Input for this task.
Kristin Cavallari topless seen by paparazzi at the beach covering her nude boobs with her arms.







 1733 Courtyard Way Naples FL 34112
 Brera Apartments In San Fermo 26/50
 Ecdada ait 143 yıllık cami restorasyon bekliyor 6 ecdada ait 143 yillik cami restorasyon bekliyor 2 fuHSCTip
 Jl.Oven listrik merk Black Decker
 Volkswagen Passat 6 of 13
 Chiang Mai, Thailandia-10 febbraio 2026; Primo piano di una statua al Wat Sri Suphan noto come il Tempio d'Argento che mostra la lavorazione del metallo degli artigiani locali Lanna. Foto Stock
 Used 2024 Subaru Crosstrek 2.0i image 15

Problem details.
What is needed is an exact transcription of every record above.

Solution.
Kristin Cavallari topless seen by paparazzi at the beach covering her nude boobs with her arms.







 1733 Courtyard Way Naples FL 34112
 Brera Apartments In San Fermo 26/50
 Ecdada ait 143 yıllık cami restorasyon bekliyor 6 ecdada ait 143 yillik cami restorasyon bekliyor 2 fuHSCTip
 Jl.Oven listrik merk Black Decker
 Volkswagen Passat 6 of 13
 Chiang Mai, Thailandia-10 febbraio 2026; Primo piano di una statua al Wat Sri Suphan noto come il Tempio d'Argento che mostra la lavorazione del metallo degli artigiani locali Lanna. Foto Stock
 Used 2024 Subaru Crosstrek 2.0i image 15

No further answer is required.